** Dataset content **
BEGIN
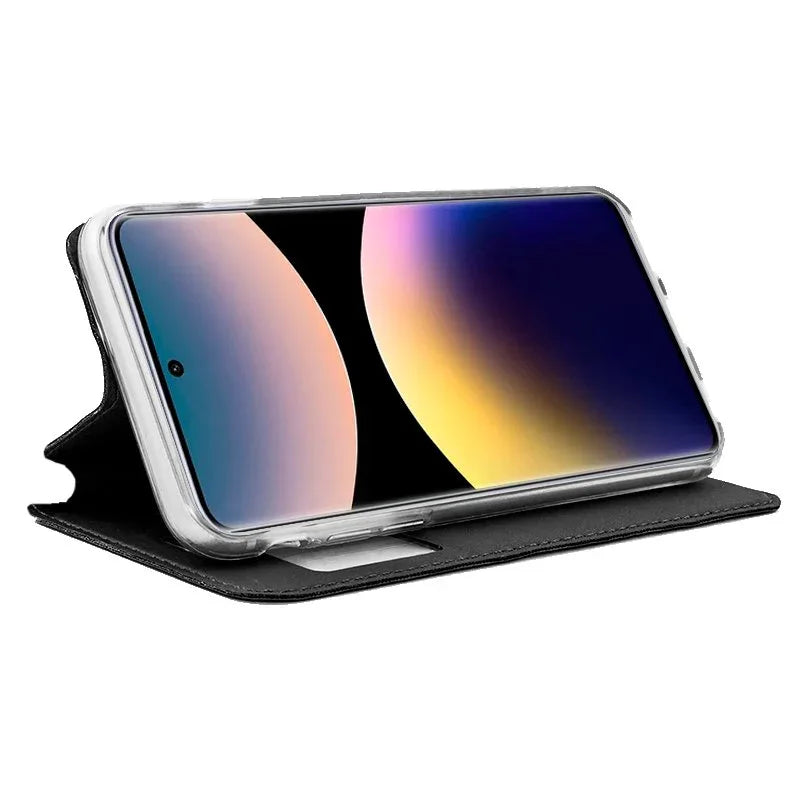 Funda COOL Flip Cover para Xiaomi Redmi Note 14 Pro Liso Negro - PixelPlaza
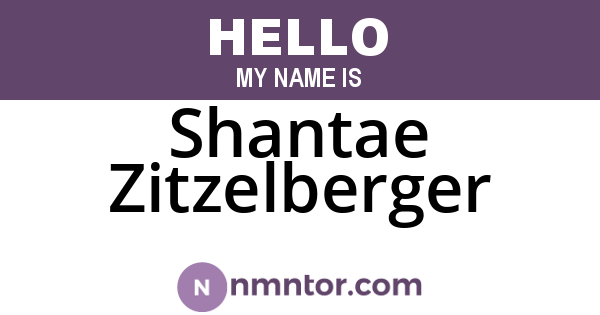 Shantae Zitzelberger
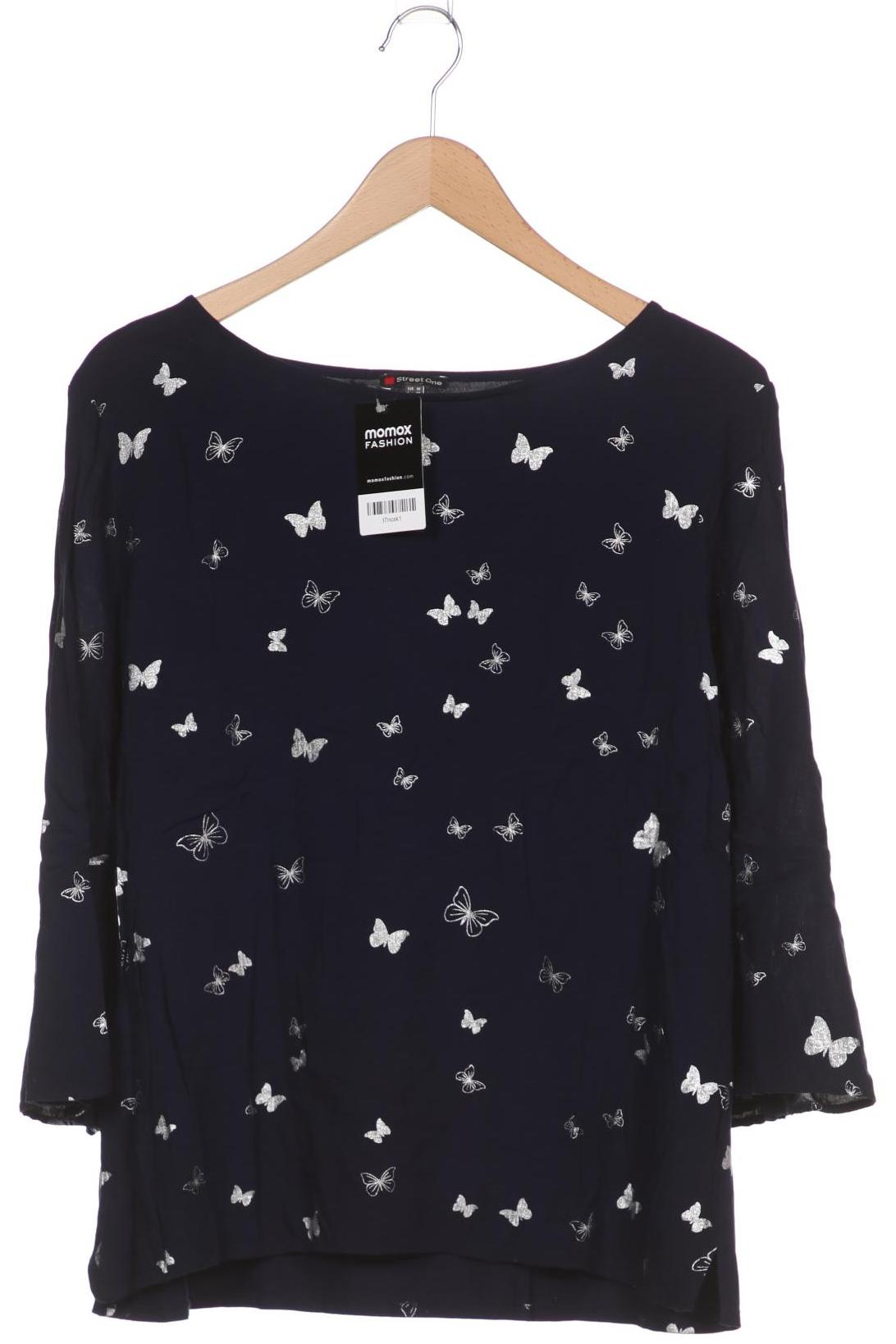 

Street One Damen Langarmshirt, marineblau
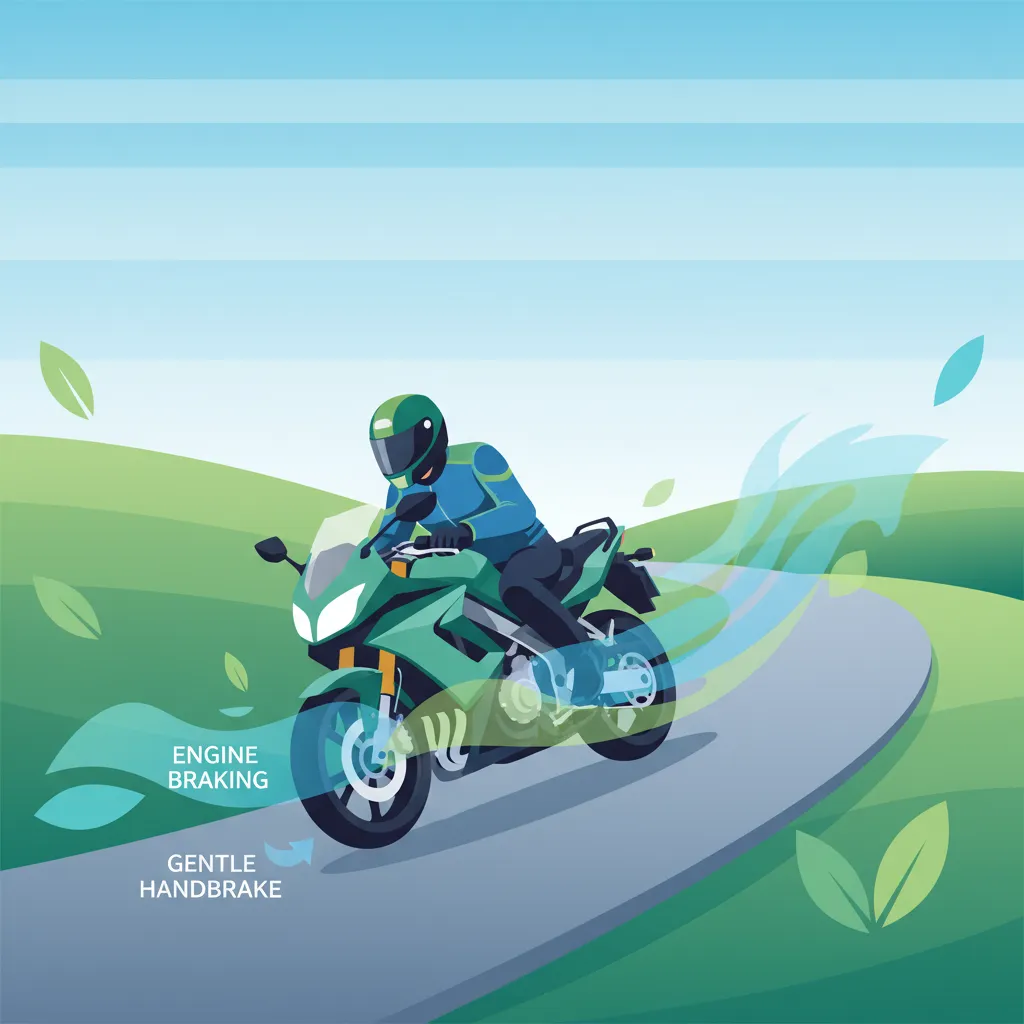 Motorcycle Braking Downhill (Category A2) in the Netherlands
END
** Task objective **
Exactly the lines from the one containing "Street One Damen Langarmshirt, marineblau" through the end of the data above: repeat those, both ends included, and nothing else. Skip the pictures.

** Result of this exercise **
Street One Damen Langarmshirt, marineblau
 Motorcycle Braking Downhill (Category A2) in the Netherlands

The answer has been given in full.